Required action:
Make an exact transcript of the lines in the data below, starting with the one containing "Patients 29185 92" and going on through the one containing "เพื่อนรักที่แท้ทรู! สองเพื่อนซี้ ตัดสินใจทำ", with both included and the pictures left out.
BEGIN Task inputs
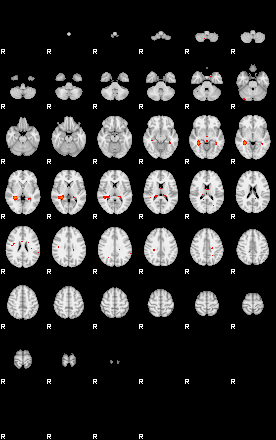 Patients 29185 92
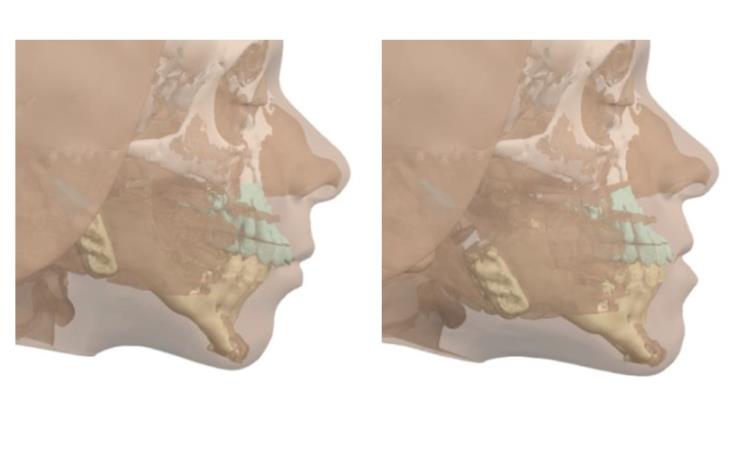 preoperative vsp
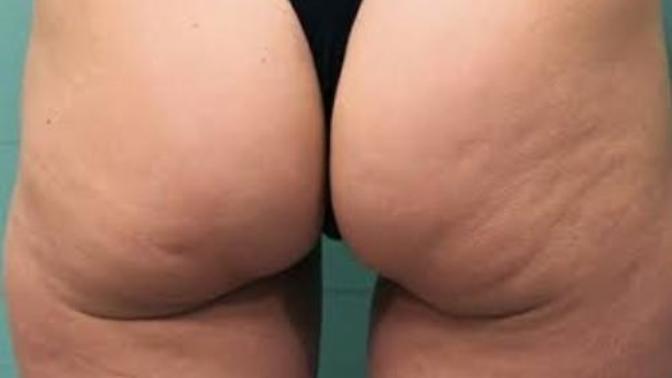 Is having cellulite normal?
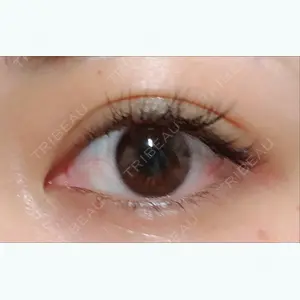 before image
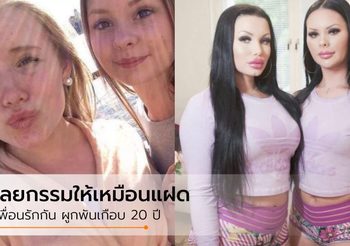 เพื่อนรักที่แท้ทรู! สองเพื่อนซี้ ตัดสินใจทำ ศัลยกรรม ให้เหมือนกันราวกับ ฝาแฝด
END Task inputs
BEGIN Task inputs
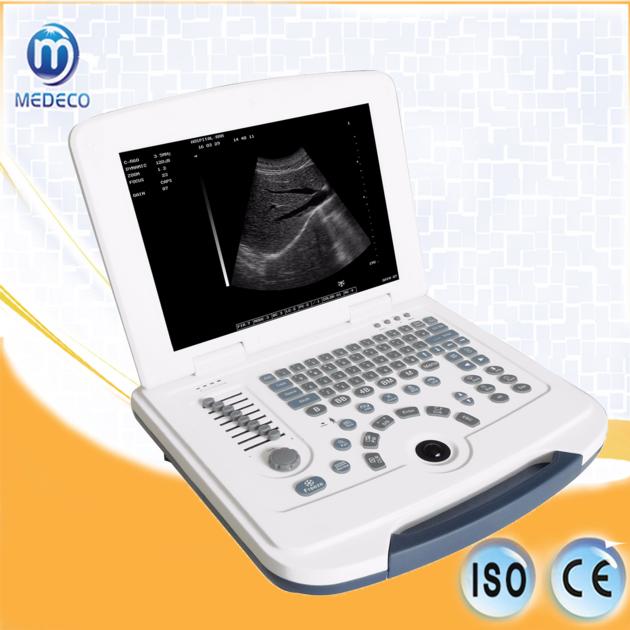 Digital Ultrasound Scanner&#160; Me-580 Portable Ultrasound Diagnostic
END Task inputs
BEGIN Task inputs
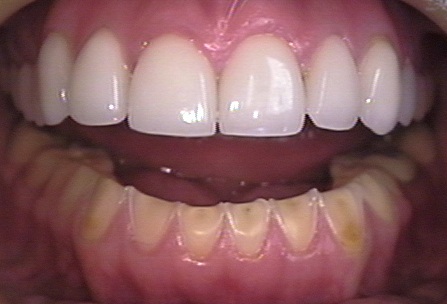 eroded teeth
END Task inputs
Task answer:
 Patients 29185 92
 preoperative vsp
 Is having cellulite normal?
 before image
 เพื่อนรักที่แท้ทรู! สองเพื่อนซี้ ตัดสินใจทำ ศัลยกรรม ให้เหมือนกันราวกับ ฝาแฝด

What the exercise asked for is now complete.